O fascismo ora barbariza as relações de organização e de representação política, destruindo-se a interação social, ora reprime com a máxima coerção que adquire sob o Estado Policial – é o caso do exceptio antijurídico do Batman, empregando-se todas as formas possíveis de exceção. O resultado, de todo modo, é o triunfo do poder (social ou político) antirrepublicano, antipopular e antidemocrático.
Neste sentido, o fascismo criou a demência social e a perversão (Coringa-Moro), o lumpem (os revoltosos, os agressores do próprio Coringa) e o abusador do sistema financeiro (os três “homens de bem”, assassinados no metrô), o vingador social (manchete do jornal “morte aos ricos”) e o anti-herói: o próprio Batman – o menino que seria irmão do Coringa, por parte de pai. Como Batman se apresenta na mitologia do “salve-se a Razão de Estado”, o povo perdoa as calamidades do Moro. Processar, secretar, condenar, aprisionar (ou executar) seriam tarefas de um só agente público no” anti-Estado”.

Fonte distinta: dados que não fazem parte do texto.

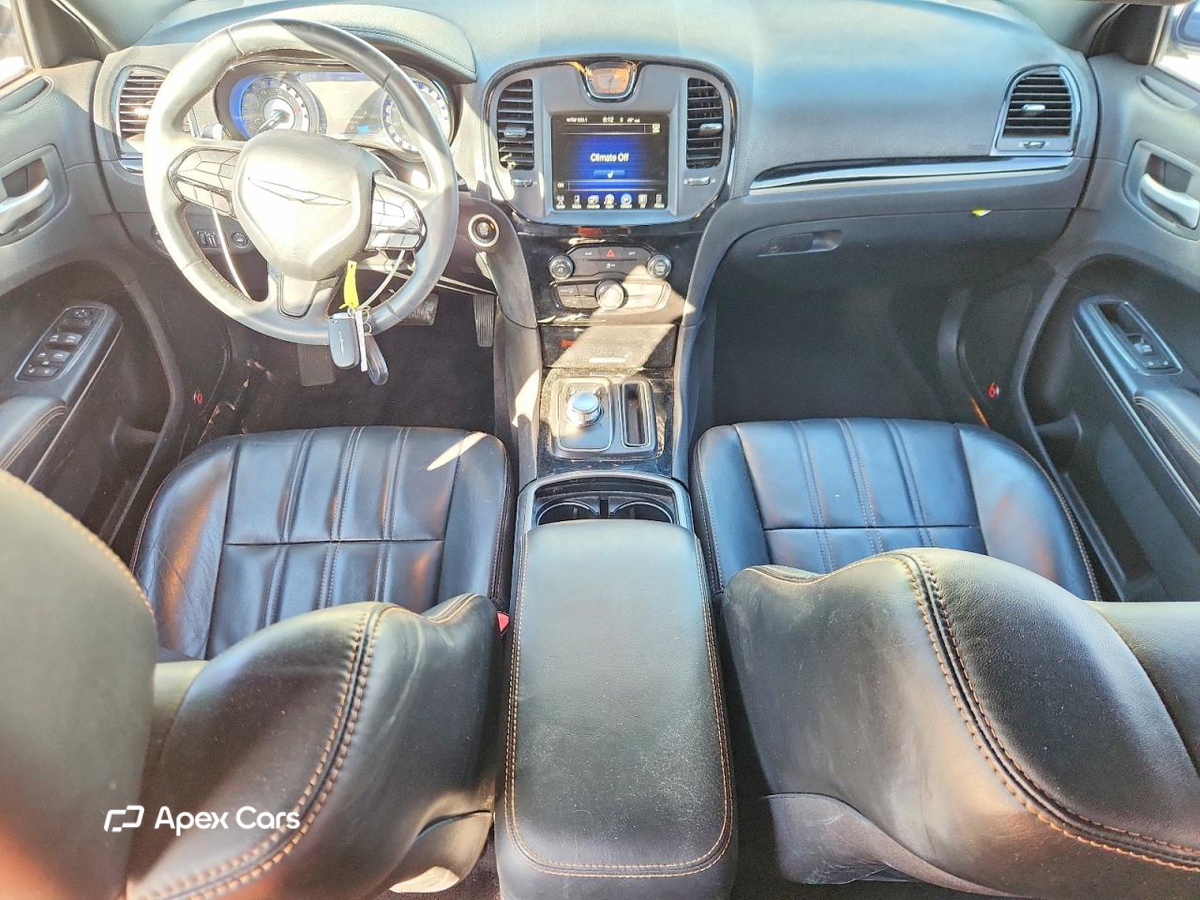 Chrysler 300 2016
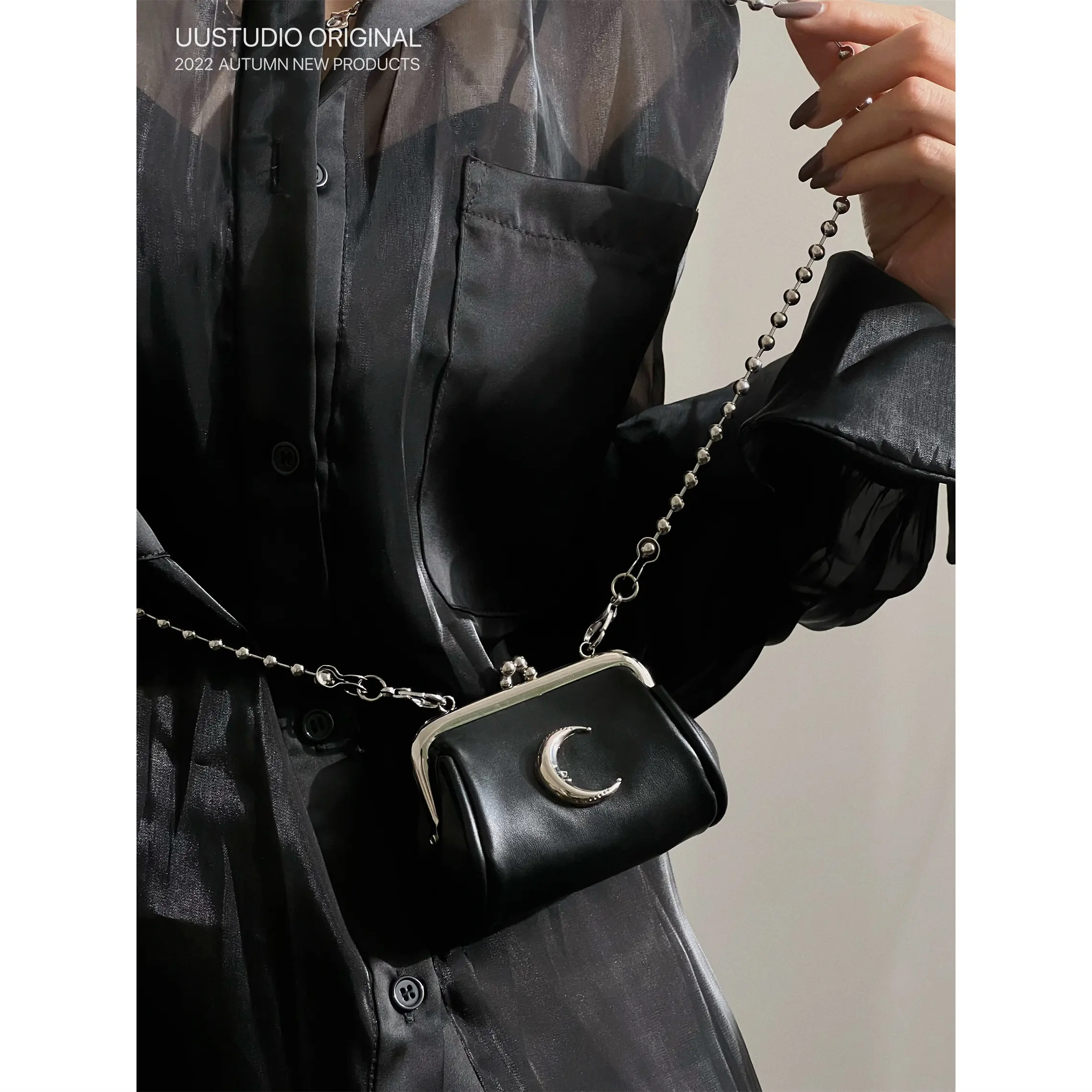 

Niche Design Sense Bags Female Chain Trendy Sweet Cool Hot Girl Crescent Moon Mouth Gold Mini Earphone Mouth Red Envelope Women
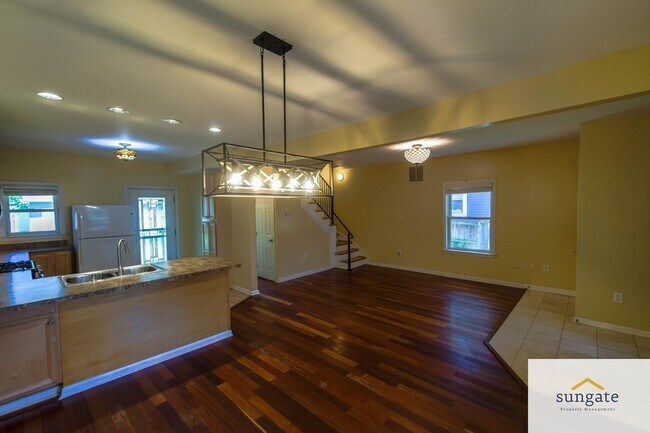 Building Photo - 3510 Hamilton Ave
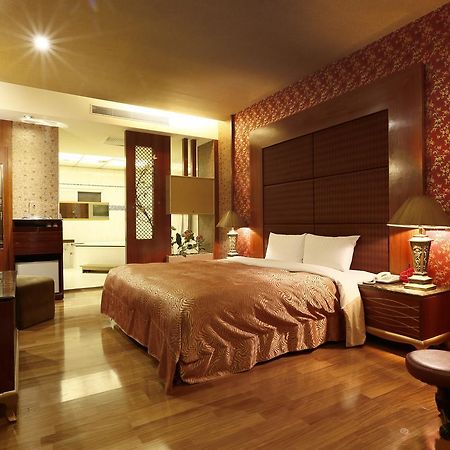 Treasure Island Motel - Fengshan Kaohsiung Zewnętrze zdjęcie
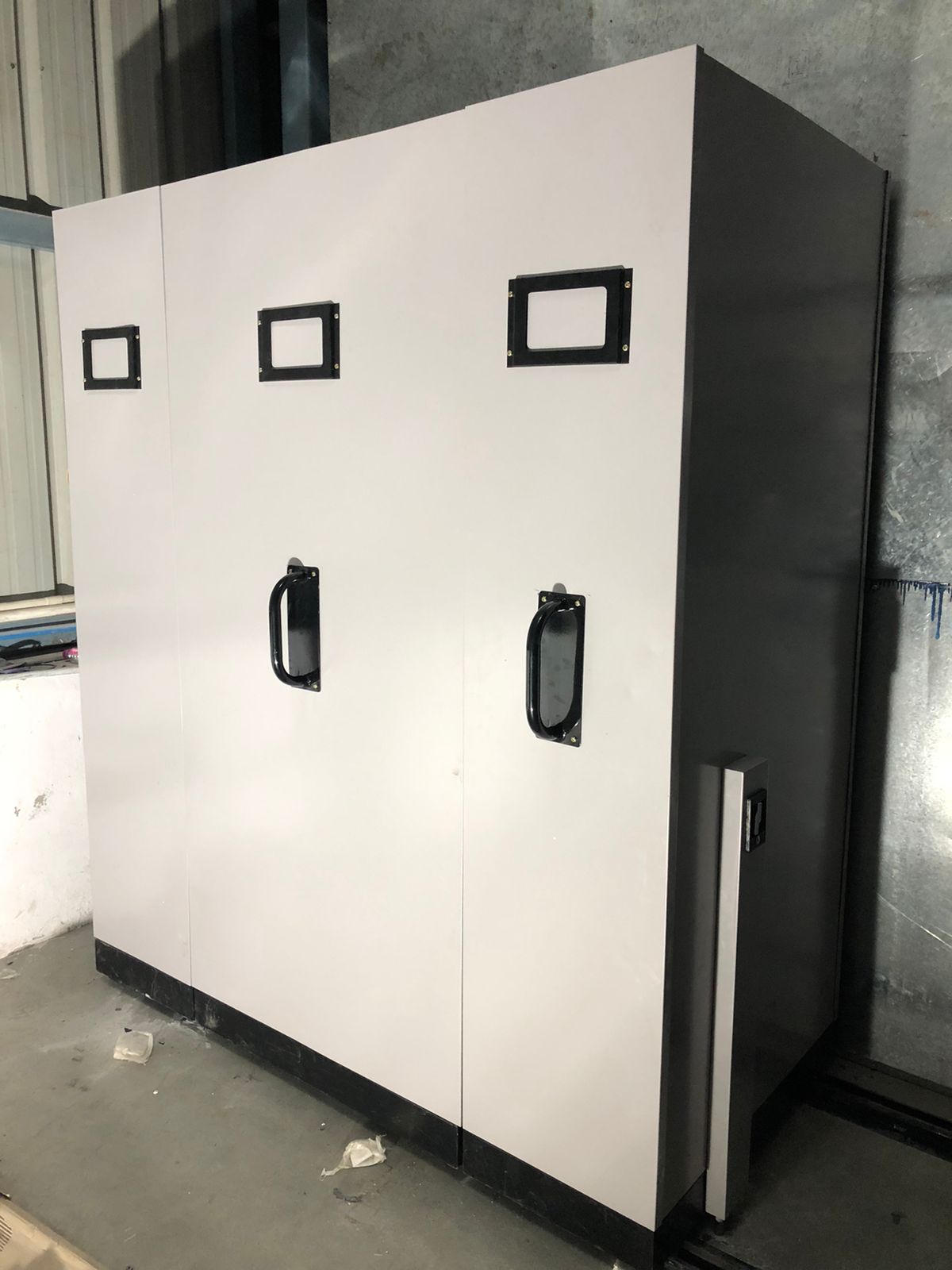 Mobile Files Storage Systems-Mobile Storage Compactor-1 Bay 4 Bodies Handpush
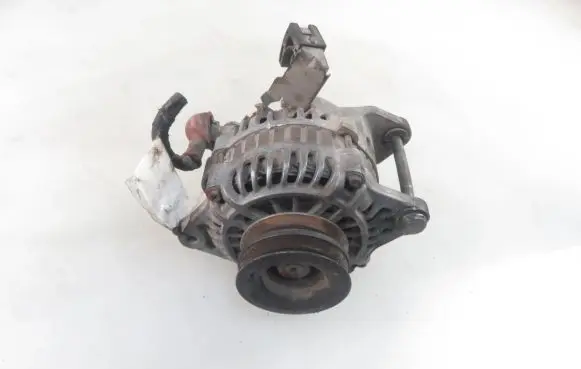 Nissan Navara D22 Generator/alternator 23100VK010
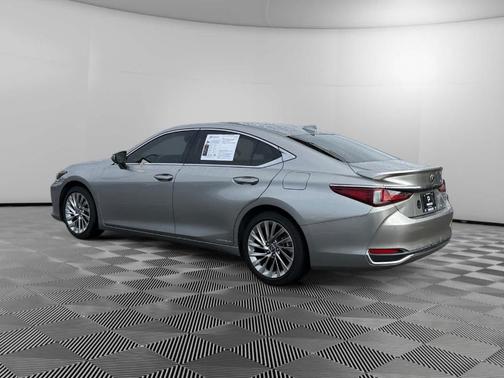 2019 Lexus ES 300h Luxury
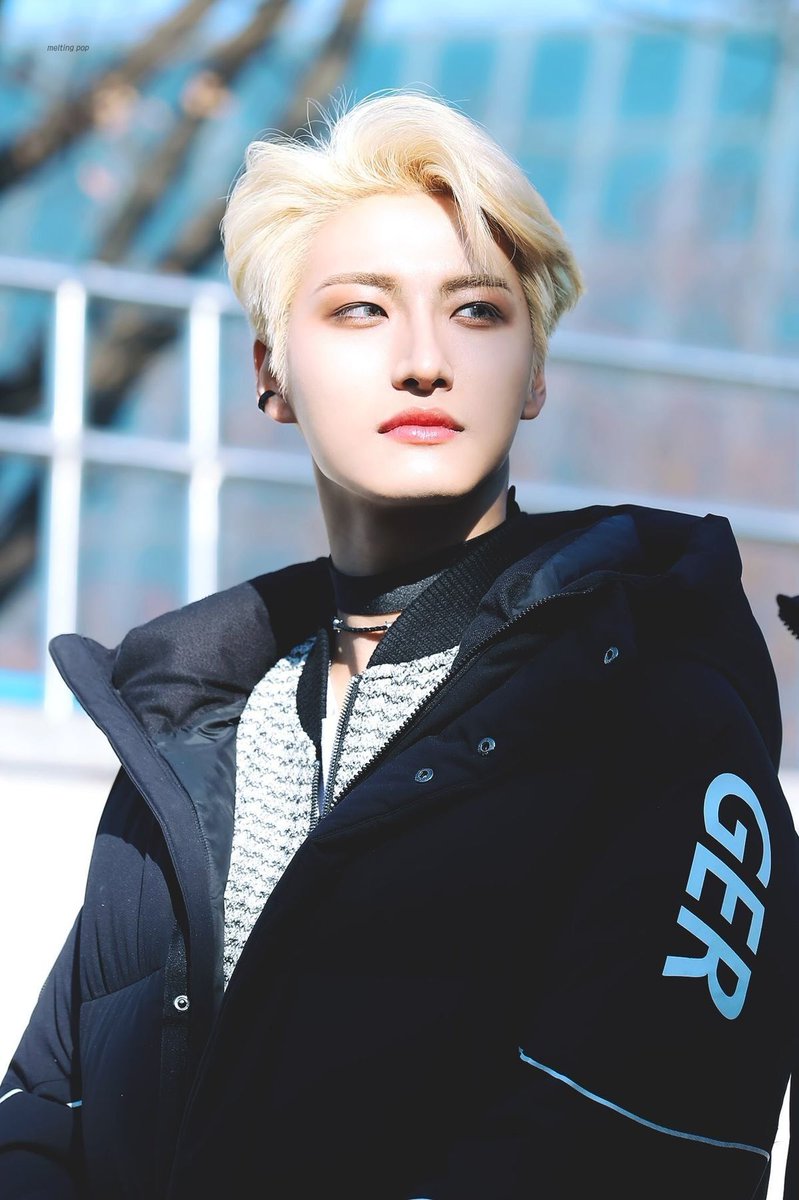 FYNEMESIS's tweet photo. [ 𝐅𝐀𝐍 𝐓𝐀𝐊𝐄𝐍 ] 150920 MORGAN ATTENDING CO: HRT SHOWCASE https://t.co/0RTLk3YRFM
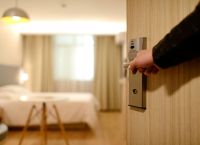 Ήρθε το τέλος για τα μπουκαλάκια σαμπουάν των ξενοδοχείων;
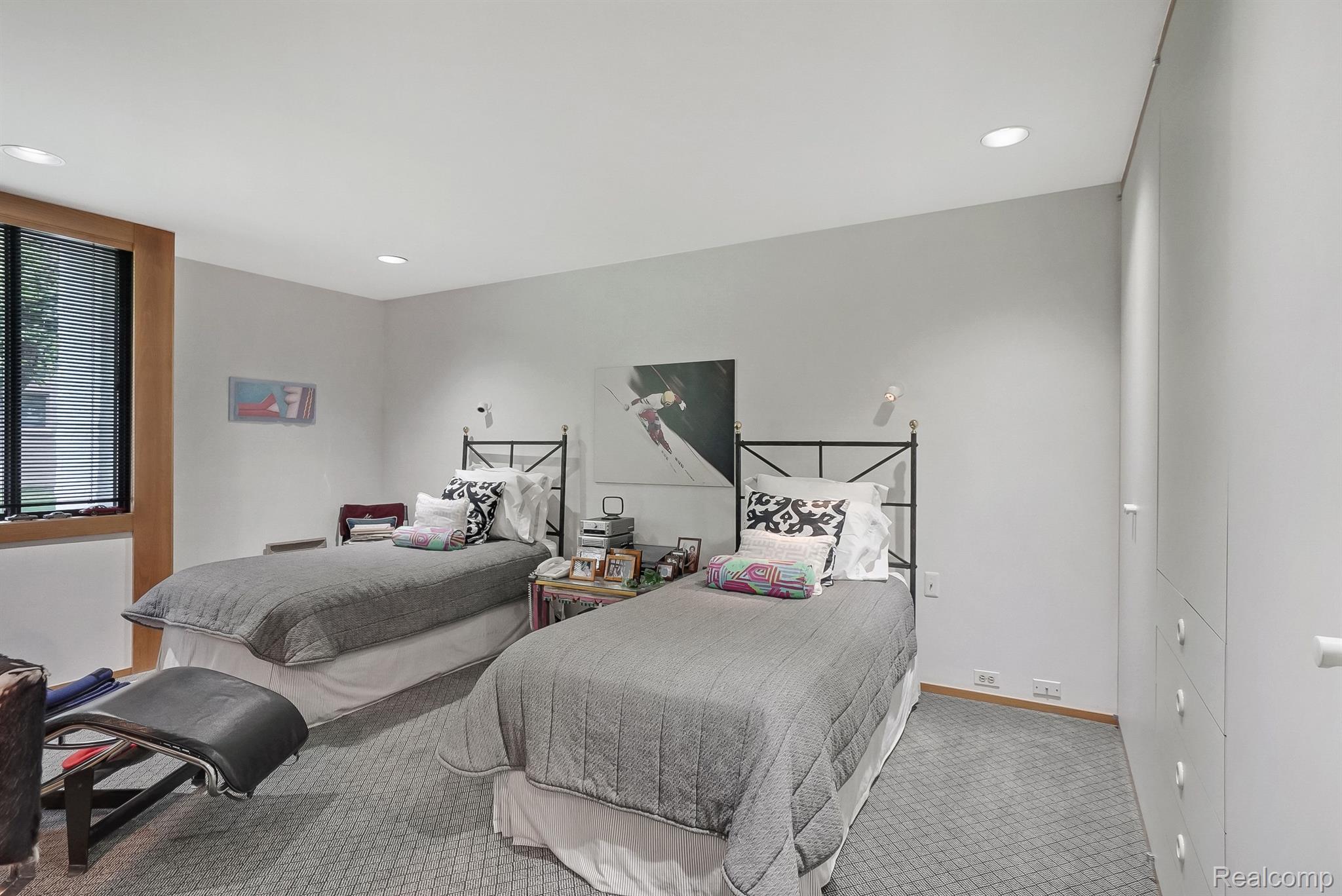 5330 WOODLANDS ESTATES Drive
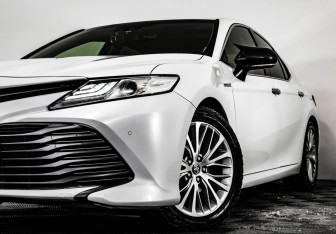 Подержанный автомобиль Toyota Camry Sedan 2020 года (2 фото)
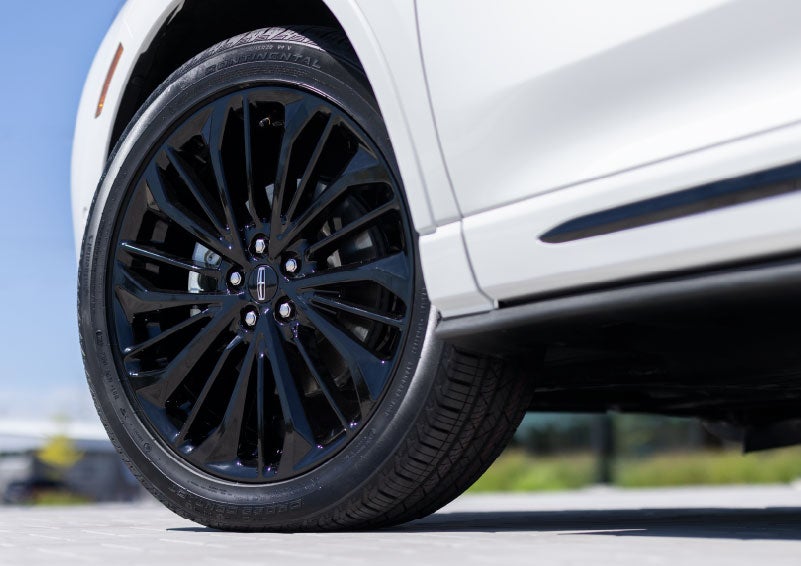 A stylish 20-inch black aluminum wheel of the available Jet Appearance Package is shown. | Parks Lincoln of Wesley Chapel in Wesley Chapel FL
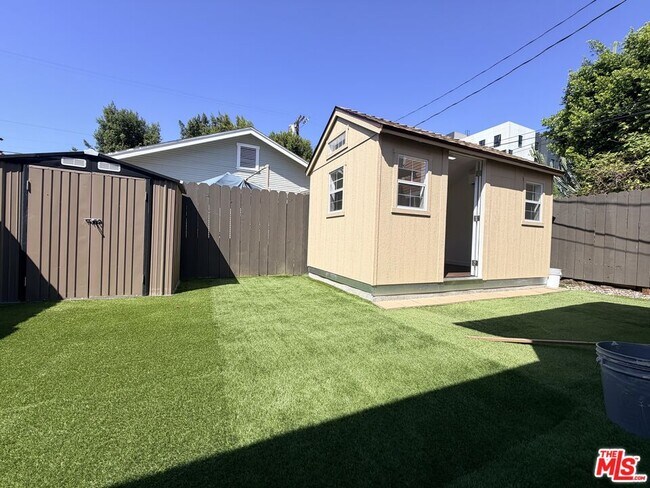 Building Photo - 1351 N McCadden Pl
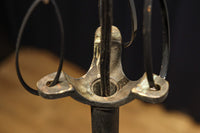 昭和レトロ!! 煌びやかなプレスガラス装飾が映える円柱型のブラケット　DC8937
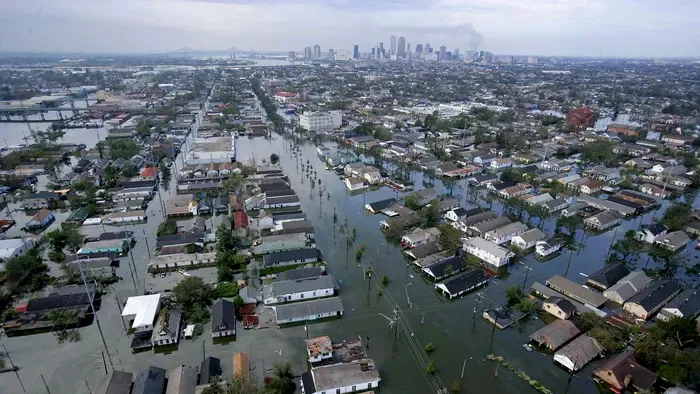 Katrina hurrikán, Katrinahurrikán, New Orleans, 2005, Katrina hurrikán 2005,
Flood waters from Hurricane Katrina cover streets 30 August 2005 in New Orleans, Louisiana. It is estimated that 80 percent of 
 is under flood waters as levees begin to break an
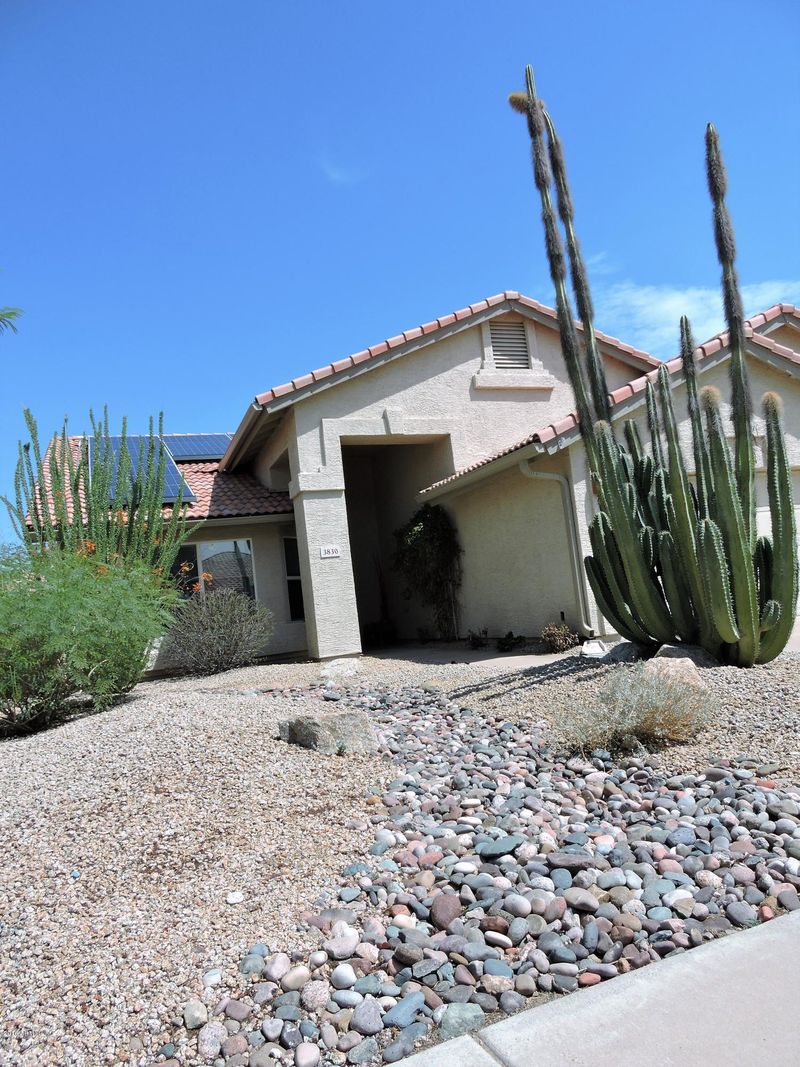 3830 E Windsong Dr, Phoenix, AZ 85048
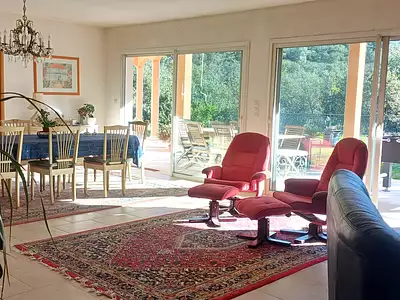 Maison, 261 m²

Tal como em Batman, o povo perdoa Moro por acreditar que se pode “fazer o ‘bem, por linhas tortas”, empregando-se no exceptio a pior lógica possível: “os fins justificam os meios”. O que não cabe no Direito, no directum, na necessária e legítima “adequação de meios e fins”. Pois, não se vai ao Justo, através da injustiça.
Portanto, se o Direito como “linha reta”, “honeste vivere” (o princípio geral do direito e da República), não interessa se há vigência do Estado de Exceção. Aliás, além de não se saber o que é o exceptio do Estado de Exceção, basta a suposição de que há Estado de Direito para se concluir que não vigora a exceção. Conclui-se ainda que, se a CF88 está contra o Batman, é porque o Batman está certo.
Para os icônicos seguidores de Batman, o AI‑5 – Ato Institucional no 5/1968 (pior fase da ditadura militar pós-64) é o remédio antijurídico preferido porque abole a democracia e os crimes cometidos contra o povo, as classes subjugadas. Por sua vez, o apelidado “AI‑6” seria aplicar-se toda a Força de Lei existente no ordenamento jurídico, exatamente, contra os que atentem ou preguem atentados contra a democracia e a soberania popular.
Para os irônicos defensores do “AI‑6” deve-se recordar que a imperial Lei de Segurança Nacional ainda está em vigor. Datada de 1983, a Lei de Segurança Nacional reflete o pensamento militarizado da política, enquadra-se como “resquício da ditadura militar” e, por óbvio, não é um dos “defeitos da democracia” ou da Constituição Federal de 1988.
De volta ao filme, o Pai Fascista do Coringa (bozo, Trump) facilmente poderia ter manipulado os prontuários da mãe do Coringa, para produzir o diagnóstico de sua loucura. Neste caso, seria O Pai Fascista do caos e da anomia (Coringa-Moro) e da repressão do Estado Policial (Batman), exatamente sem se importar com regras: o anti-herói (Moro).
Batman-Moro, como anti-herói, arvora-se das mesmas condições do Estado, ainda que aja contra o próprio Estado de Direito. Certamente que é abordado pela Ciência política, tipificado sob a forma do Estado de Exceção, próprio dos regimes autocráticos e fascistas. É curioso notar que o emprego do Batman-Moro corresponde à deturpação da Constituição de Weimar (1919). Porém, o anti-herói Batman-Moro é um componente adaptado do Estado Moderno, ao menos, desde a Constituição Francesa de 1791.
Enfim, o Coringa-Moro é indiferente ao Estado, não age em defesa de nenhuma causa política, não tem identificação ideológica com nenhum segmento político-social – ao contrário de Batman-Moro que dá emprego a toda forma de exceção, especialmente contra as regras democráticas, a fim de defender a manutenção do capital especulativo (disruptivo). Ironicamente, no auge da psicopatia e da anomia social, o Coringa-Moro seria o caos a anunciar uma “nova” ordem social.
E seria Ordem e Progresso?
O caos gerador do Coringa-Moro não é fascista?
E poderia gerar outra construção antifascista?